A bittersweet moment for the cocoa market

A partial view taken on November 23, 2011 in Paris shows chocolate and sweets displayed at the Mere de famille chocolate shop.

Adriene Hill: Now to one of the sweetest news stories of the day -- or maybe bittersweet, or semi-sweet. Chocolate -- the price of cocoa has started to fall.

From London, Christopher Werth explains why.


Christopher Werth: Carsten Fritsch is a commodities analyst for Commerzbank. He watches the cocoa markets closely --- and he enjoys his work.

Carsten Fritsch: Yes, I like eating chocolate.

But lately, fewer chocolate lovers are buying sweets. And there's a very simple reason for that: demand for cocoa -- the main ingredient in chocolate -- has dropped across the world, as the global downturn drags on.

And Fritsch says, with less demand, the price of cocoa has plunged.
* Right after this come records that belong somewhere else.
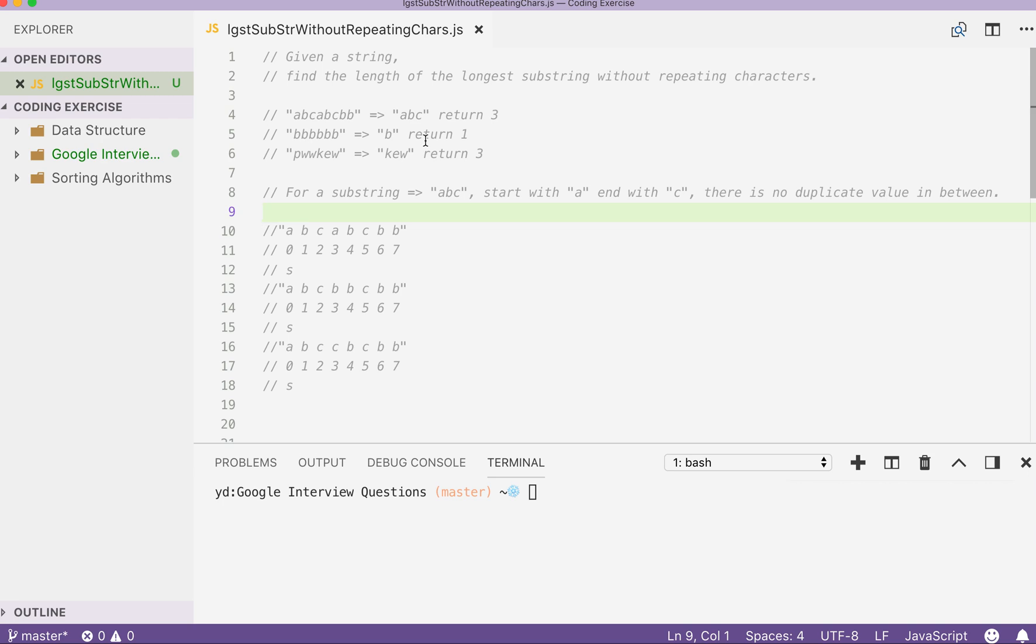Hello, what's up? Today I want to talk about another very interesting coding question. And the question goes like this.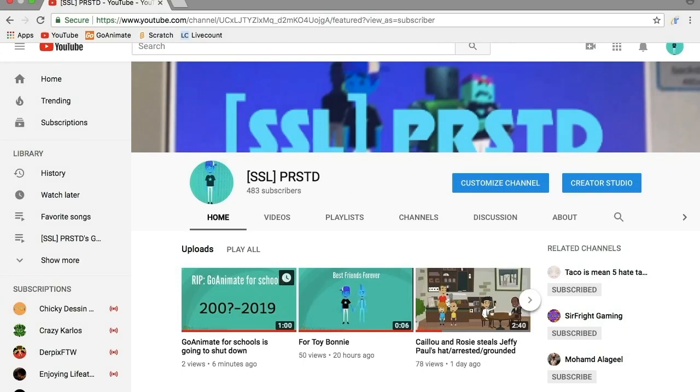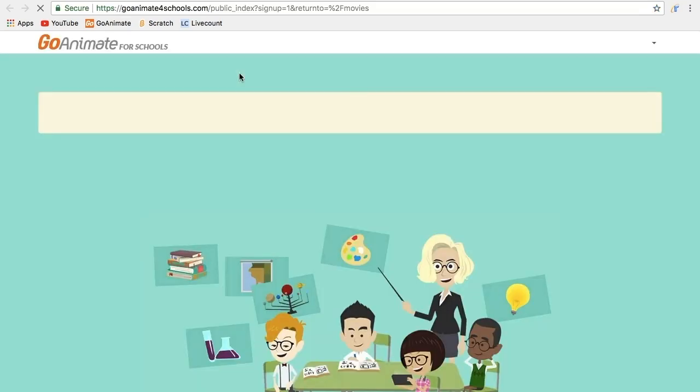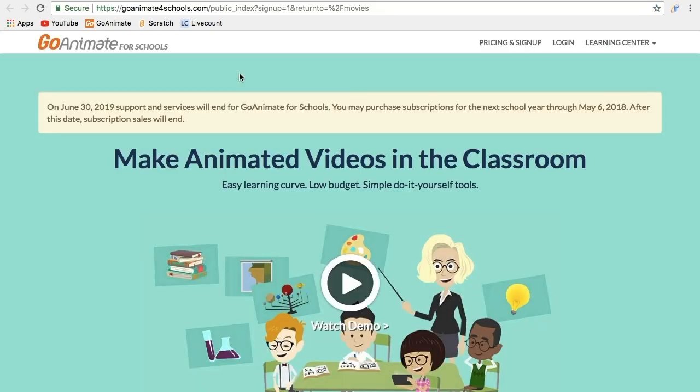Okay, hey guys. I have found out why GoAnimate was shutting down. Let me show you something. When I went to GoAnimate for Schools right now, I was going to log in and it says right here...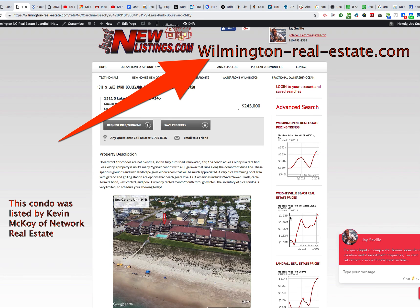Hi, this is Jay Seville, the owner of Wilmington-real-estate.com and Ocean Views Real Estate Incorporated.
Fritsch: So that's a visible effect of the economic crisis on cocoa demand, but I think that the main driver is the supply situation.

That is, the supply of cocoa that's grown around the world. Growers had expected a surplus of cocoa this year. But dry, dusty winds out of the Sahara now threaten crops in West Africa, the world's largest region for production -- a scenario that could send cocoa prices right back up again, and keep chocolate lovers away too.

In London, I'm Christopher Werth for Marketplace.